*** Opening Data ***

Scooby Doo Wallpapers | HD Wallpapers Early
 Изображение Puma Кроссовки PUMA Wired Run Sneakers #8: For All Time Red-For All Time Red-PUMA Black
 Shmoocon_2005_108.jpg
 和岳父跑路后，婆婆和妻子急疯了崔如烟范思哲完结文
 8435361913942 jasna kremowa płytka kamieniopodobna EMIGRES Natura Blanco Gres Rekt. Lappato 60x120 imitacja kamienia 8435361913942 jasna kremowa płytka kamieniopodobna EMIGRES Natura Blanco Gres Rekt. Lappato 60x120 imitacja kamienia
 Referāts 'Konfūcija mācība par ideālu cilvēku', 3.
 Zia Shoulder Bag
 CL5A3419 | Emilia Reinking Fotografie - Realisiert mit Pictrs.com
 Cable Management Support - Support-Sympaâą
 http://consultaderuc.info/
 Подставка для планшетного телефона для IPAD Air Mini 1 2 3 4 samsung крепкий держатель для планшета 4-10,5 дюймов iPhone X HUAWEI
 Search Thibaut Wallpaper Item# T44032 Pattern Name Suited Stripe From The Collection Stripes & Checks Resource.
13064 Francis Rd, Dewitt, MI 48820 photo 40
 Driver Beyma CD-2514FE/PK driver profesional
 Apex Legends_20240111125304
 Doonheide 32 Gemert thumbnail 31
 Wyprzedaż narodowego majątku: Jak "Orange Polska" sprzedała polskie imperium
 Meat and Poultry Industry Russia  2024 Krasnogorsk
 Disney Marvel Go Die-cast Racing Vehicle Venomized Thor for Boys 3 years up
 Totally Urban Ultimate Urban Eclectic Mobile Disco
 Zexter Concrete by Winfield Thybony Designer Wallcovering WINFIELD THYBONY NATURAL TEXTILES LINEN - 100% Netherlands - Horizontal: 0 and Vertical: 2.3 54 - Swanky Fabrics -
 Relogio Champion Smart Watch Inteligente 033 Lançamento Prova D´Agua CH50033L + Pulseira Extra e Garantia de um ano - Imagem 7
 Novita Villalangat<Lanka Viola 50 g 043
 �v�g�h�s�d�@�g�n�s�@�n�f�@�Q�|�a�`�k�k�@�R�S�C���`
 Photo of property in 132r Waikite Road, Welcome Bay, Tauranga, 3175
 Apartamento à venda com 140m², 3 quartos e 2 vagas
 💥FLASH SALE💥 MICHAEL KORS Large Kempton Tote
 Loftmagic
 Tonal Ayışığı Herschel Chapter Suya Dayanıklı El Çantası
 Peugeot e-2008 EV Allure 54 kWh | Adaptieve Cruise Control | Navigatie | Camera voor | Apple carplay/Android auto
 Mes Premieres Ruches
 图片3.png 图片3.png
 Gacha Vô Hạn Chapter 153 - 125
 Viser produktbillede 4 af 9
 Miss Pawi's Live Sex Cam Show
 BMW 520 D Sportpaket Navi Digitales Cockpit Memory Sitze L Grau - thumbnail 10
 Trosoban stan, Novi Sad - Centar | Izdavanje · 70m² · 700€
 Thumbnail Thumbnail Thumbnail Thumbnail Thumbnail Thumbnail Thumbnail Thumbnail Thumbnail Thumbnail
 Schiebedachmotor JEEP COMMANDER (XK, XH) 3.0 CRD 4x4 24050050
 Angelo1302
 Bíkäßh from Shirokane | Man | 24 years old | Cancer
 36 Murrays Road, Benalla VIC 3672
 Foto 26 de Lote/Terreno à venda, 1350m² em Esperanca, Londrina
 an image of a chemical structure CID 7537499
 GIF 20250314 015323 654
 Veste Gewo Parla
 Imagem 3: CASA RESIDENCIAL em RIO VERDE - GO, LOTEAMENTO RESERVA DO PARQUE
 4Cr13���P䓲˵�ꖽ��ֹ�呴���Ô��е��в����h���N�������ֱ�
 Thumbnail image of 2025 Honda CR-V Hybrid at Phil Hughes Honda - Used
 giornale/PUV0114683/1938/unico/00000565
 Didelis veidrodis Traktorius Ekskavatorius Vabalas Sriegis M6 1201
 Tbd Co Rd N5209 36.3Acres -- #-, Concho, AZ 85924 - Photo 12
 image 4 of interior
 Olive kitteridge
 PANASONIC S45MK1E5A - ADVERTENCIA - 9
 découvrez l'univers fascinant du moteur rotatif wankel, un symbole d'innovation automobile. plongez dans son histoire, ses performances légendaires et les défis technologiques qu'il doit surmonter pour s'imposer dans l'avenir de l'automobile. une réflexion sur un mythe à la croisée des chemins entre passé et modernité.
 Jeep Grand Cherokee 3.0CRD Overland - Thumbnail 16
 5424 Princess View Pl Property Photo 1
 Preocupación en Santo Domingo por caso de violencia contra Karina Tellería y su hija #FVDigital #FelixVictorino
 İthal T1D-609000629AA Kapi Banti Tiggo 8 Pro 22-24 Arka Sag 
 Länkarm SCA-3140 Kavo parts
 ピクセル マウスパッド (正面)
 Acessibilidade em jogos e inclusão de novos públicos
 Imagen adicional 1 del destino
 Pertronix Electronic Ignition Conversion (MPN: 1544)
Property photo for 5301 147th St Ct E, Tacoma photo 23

*** Closing Data ***

Going through the records, say how many lines hold the string "Chapter". Only the number should be given.

2